**PROBLEM STATEMENT:**
Return the lines of the listing below exactly as they appear, beginning at the one with "Happy Freedom Friday" and stopping after the one with "Photo 2 of Condo"; do not include pictures.
· · · ·
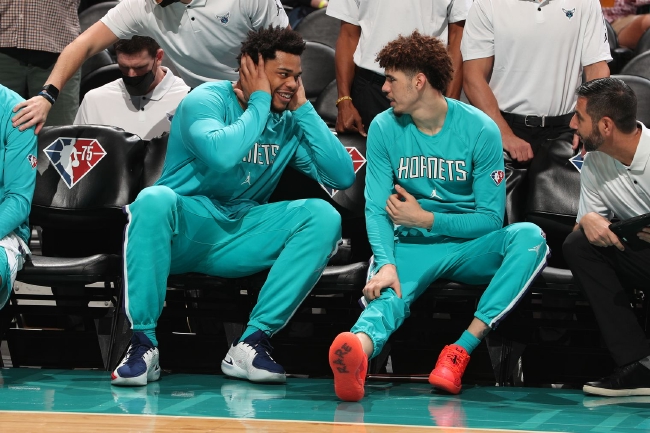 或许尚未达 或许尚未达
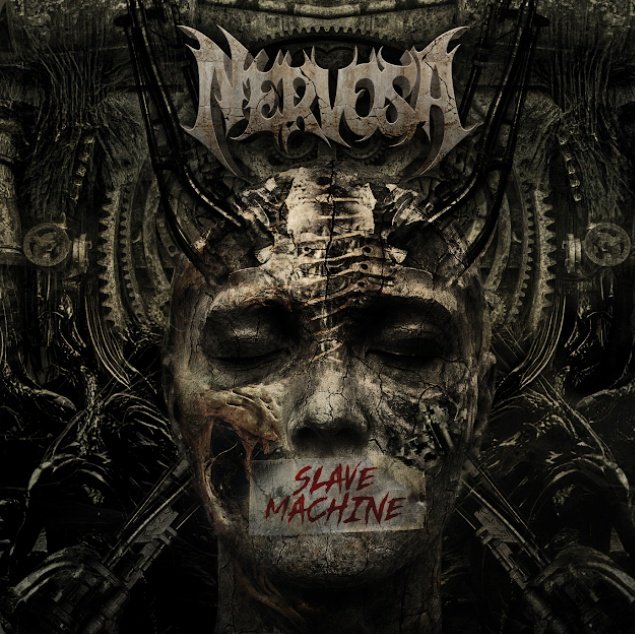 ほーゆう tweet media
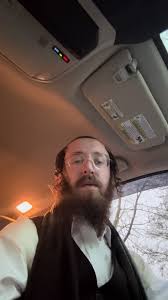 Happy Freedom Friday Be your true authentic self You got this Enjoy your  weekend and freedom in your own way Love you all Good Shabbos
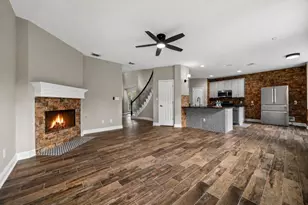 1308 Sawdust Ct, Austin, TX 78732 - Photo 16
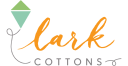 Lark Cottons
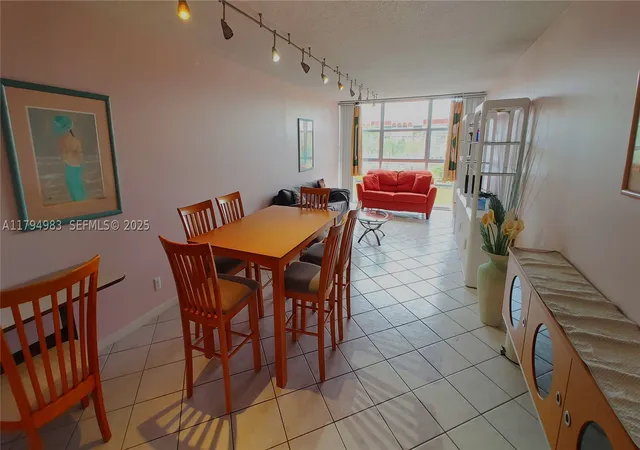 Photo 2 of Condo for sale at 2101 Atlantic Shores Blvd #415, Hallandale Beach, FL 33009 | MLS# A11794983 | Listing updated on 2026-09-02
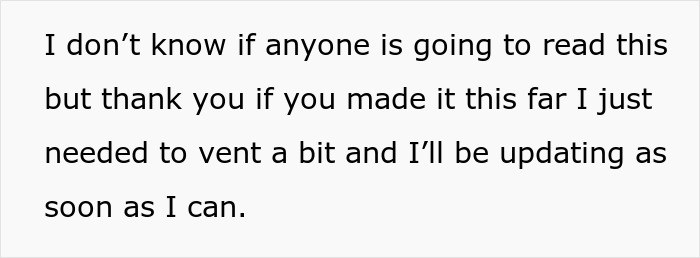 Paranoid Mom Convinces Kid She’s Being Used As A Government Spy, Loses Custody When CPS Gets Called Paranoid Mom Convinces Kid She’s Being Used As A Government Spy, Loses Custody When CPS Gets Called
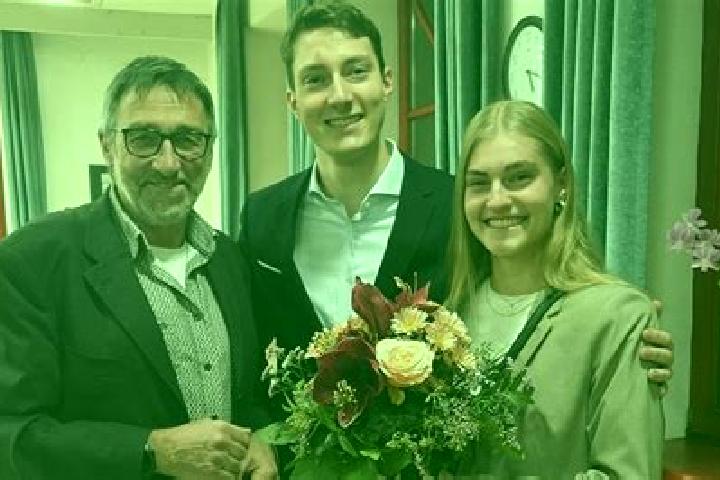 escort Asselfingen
· · · ·
**ANSWER SPACE:**
 Happy Freedom Friday Be your true authentic self You got this Enjoy your  weekend and freedom in your own way Love you all Good Shabbos
 1308 Sawdust Ct, Austin, TX 78732 - Photo 16
 Lark Cottons
 Photo 2 of Condo for sale at 2101 Atlantic Shores Blvd #415, Hallandale Beach, FL 33009 | MLS# A11794983 | Listing updated on 2026-09-02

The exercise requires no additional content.